Here, we are going to tackle such an established problem in computer vision as fine-grained classification of bird species. The first part of the tutorials demonstrates how to use CNN models to classify bird images based on the Caltech-UCSD Birds-200-2011 (CUB-200-2011) dataset using PyTorch. By the end of these tutorials, you will be able to:
- Understand basics of image classification problem of bird species.
- Determine the data-driven image pre-processing strategy.
- Create your own deep learning pipeline for image classification.
- Build, train and evaluate ResNet-50 model to predict bird species.
- Enhance CNN's performance by using different techniques.
Here you can get familiarized with the content more properly:
- Part 1: “Advancing CNN model for fine-grained classification of birds” (notebook, article).
- Part 2: “Finite automata simulation for leveraging AI-assisted systems“ (notebook, article, tutorial).
- Part 3: “Optimizing AI-based systems on object detection using Monte-Carlo“ [TBA].
- Part 4: “Interpretable deep learning for computer vision“ [TBA].
- Part 5: “Multimodal data fusion approach for bird classification“ [TBA].

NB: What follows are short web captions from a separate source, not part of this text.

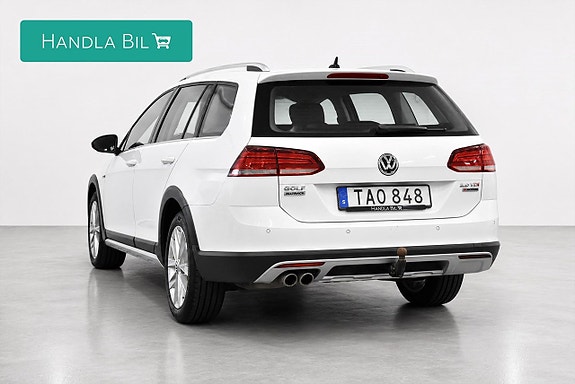 Volkswagen Golf Alltrack 7 of 19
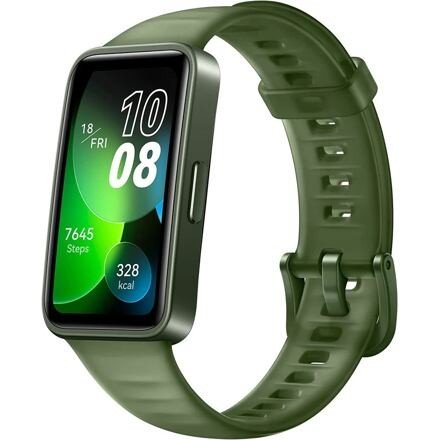 Huawei Band 8 barva Emerald Green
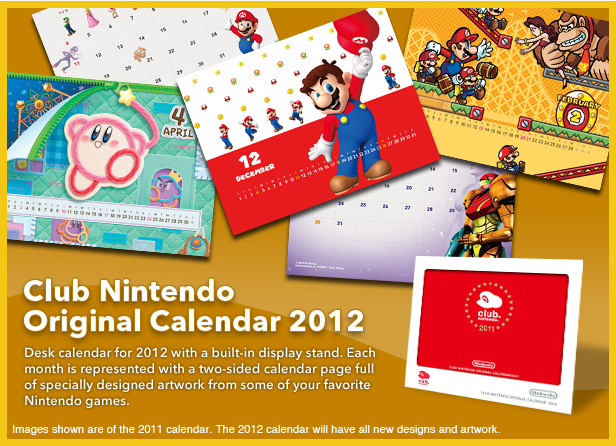 Club Nintendo Original Calendar 2012 2.png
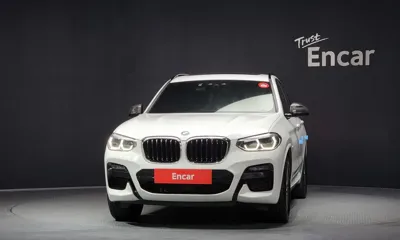 BMW X3 2021, 30096 км, за 30062.76 USD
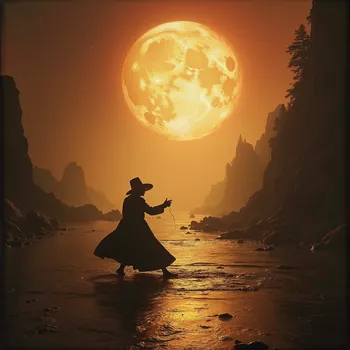 The Wanderer’s Grand Farewell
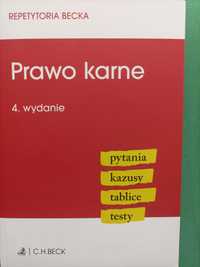 Prawo karne, repetytorium, wydawnictwo C. H. Beck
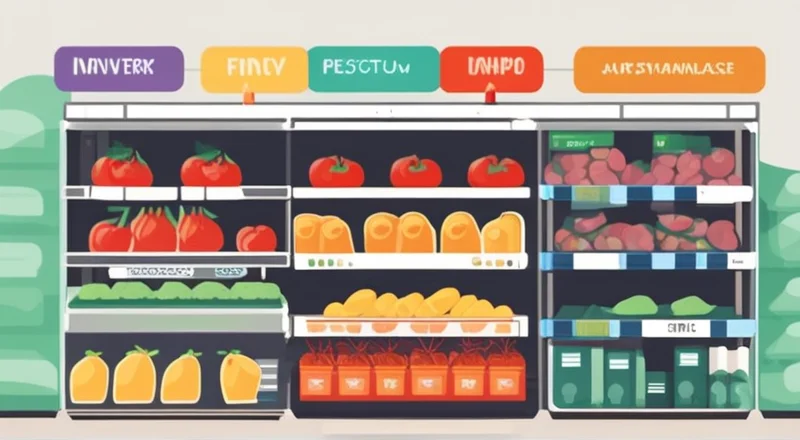 超市生鲜如何管理库存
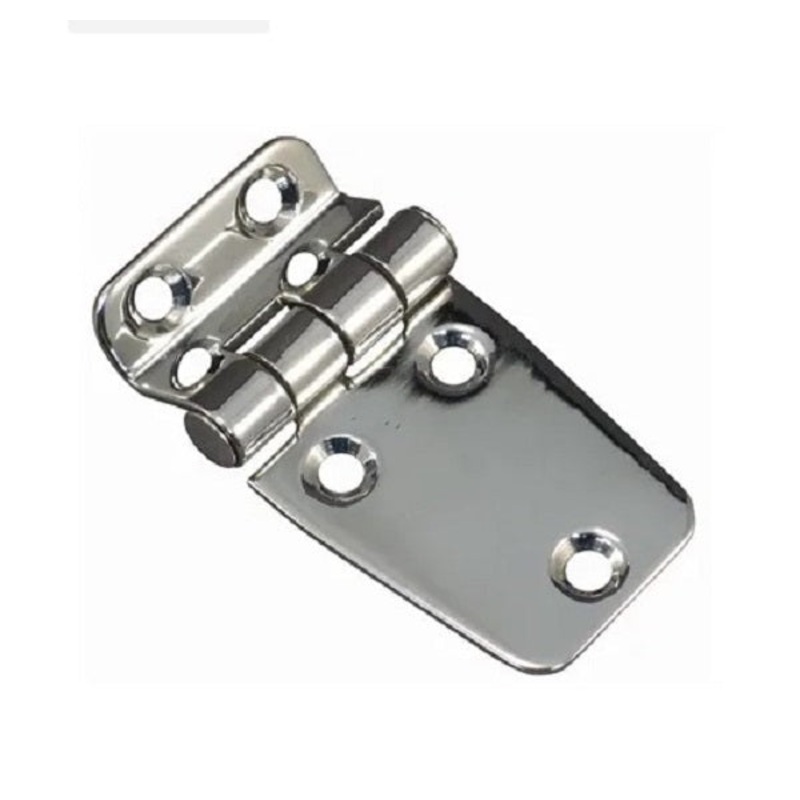 Marpac Stainless Steel 2 Offset Shortside Hinge 7-1005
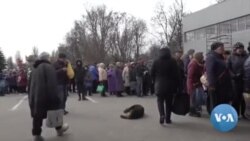 Chernihiv Residents Ache for Relief After Monthlong Siege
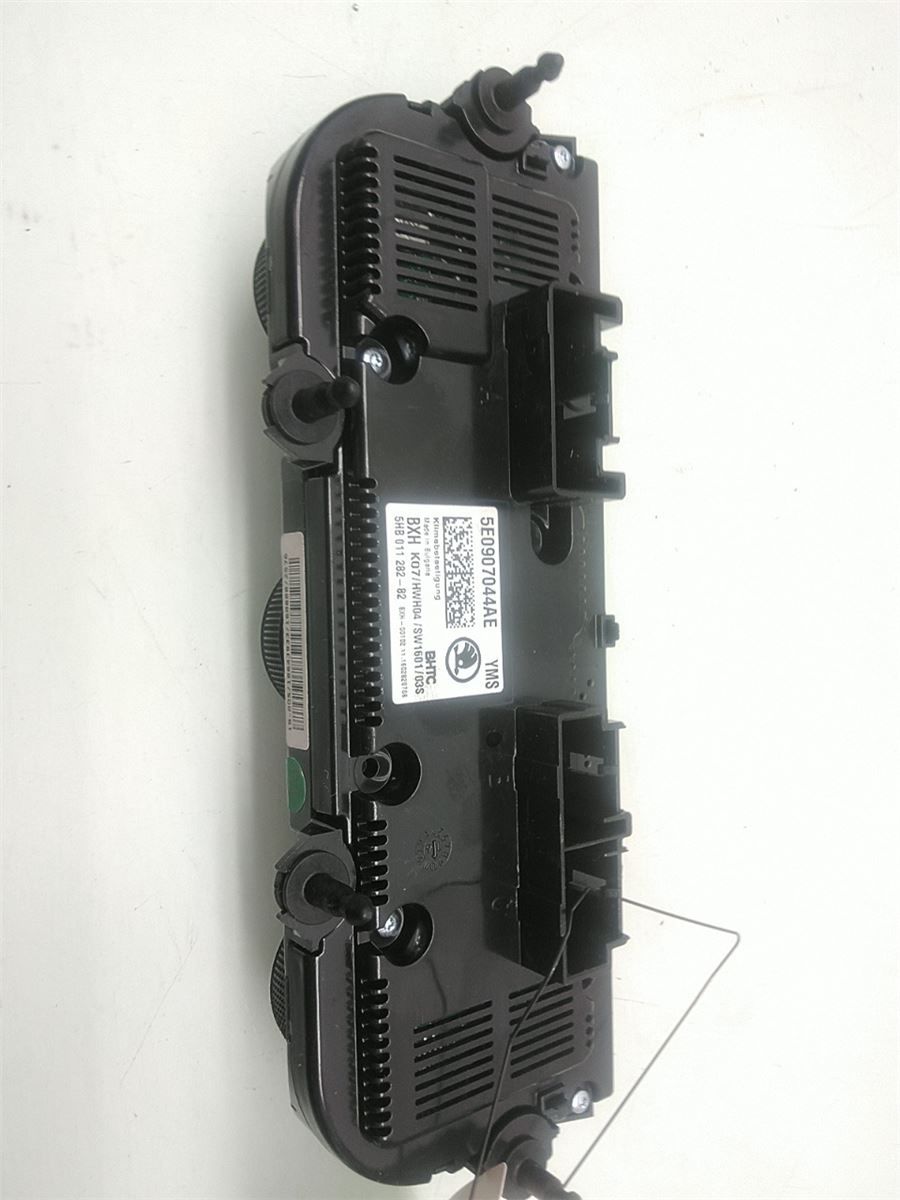 Varme AC Betjening/Display – bilde 2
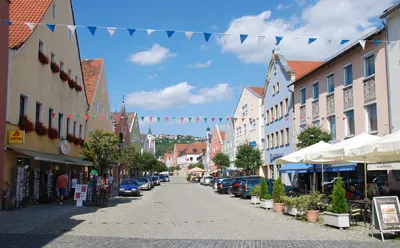 Kelheim - Altstadt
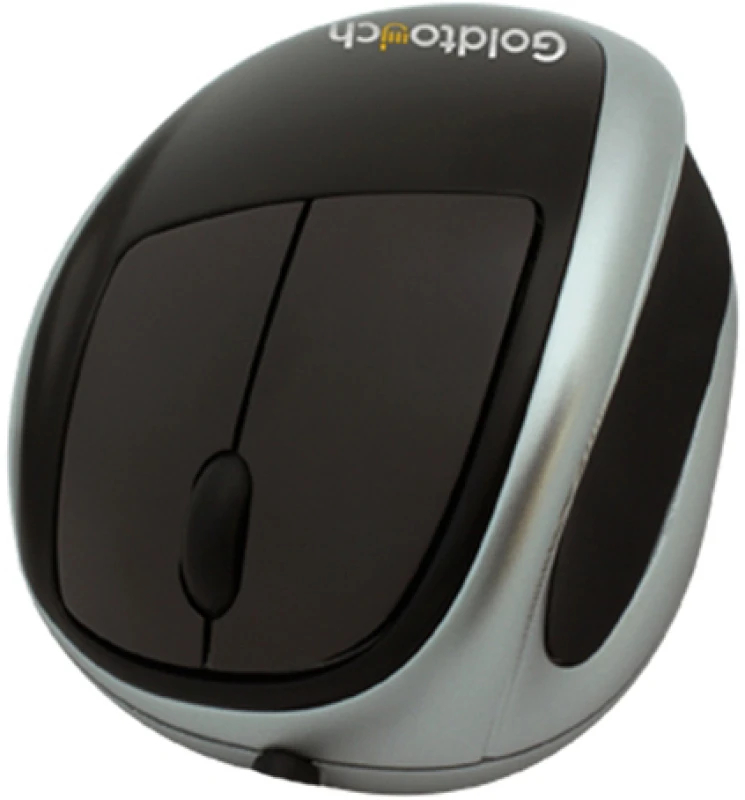 Image of Goldtouch Ergonomic . Right. Bluetooth mouse Right-hand Optical 1000 D
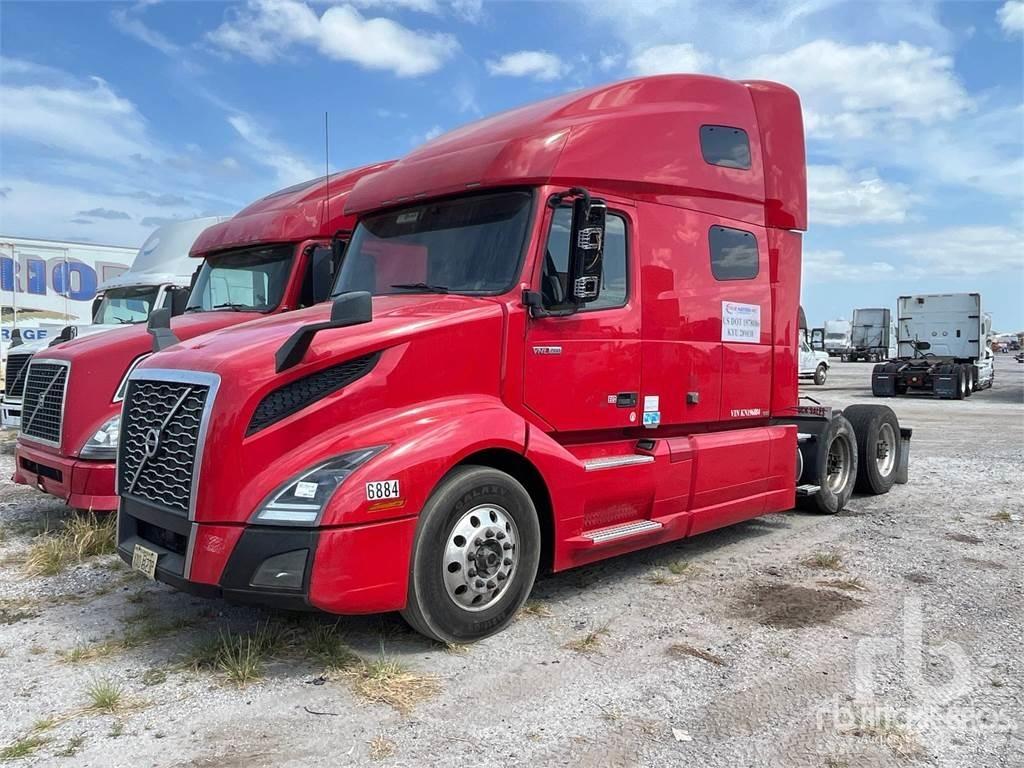 Volvo VNL760 Tracteur routier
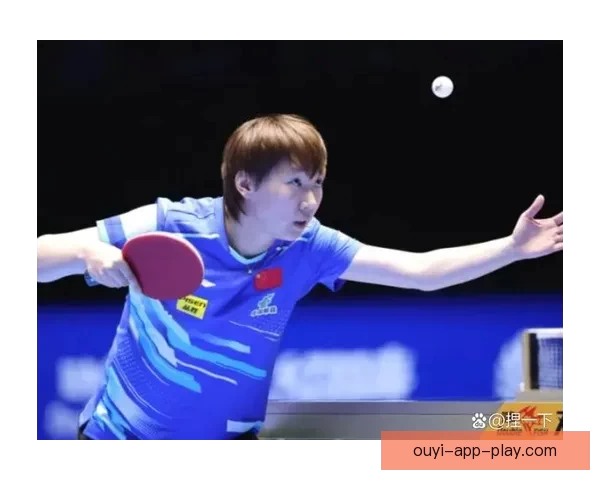 王曼昱带领中国女乒连胜日本选手 27岁女将泪洒赛场痛苦不已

Part 1 demonstrates how to perform the data-driven image pre-processing, to build a baseline ResNet-based classifier, and to further improve it's performance for bird classification using different approaches. Results indicate that the final variant of the ResNet-50 model advanced with transfer and multi-task learning, as well as with the attention module greatly contributes to the more accurate bird predictions. Part 2 focuses on simulation modelling using finite state machines for AI-assisted computer vision systems towards improved efficiency on bird detection. More information on experimental design and results can be found in notebooks and articles.
Before running the code, make sure to install project dependencies indicated in the requirements file.
Except as otherwise noted, the content of this repository is licensed under the Creative Commons Attribution Non Commercial 4.0 International, and code samples are licensed under the Apache 2.0 License. All materials can be freely used, distributed and adapted for non-commercial purposes only, given appropriate attribution to the licensor and/or the reference to this repository.
SPDX-License-Identifier: CC-BY-NC-4.0 AND Apache-2.0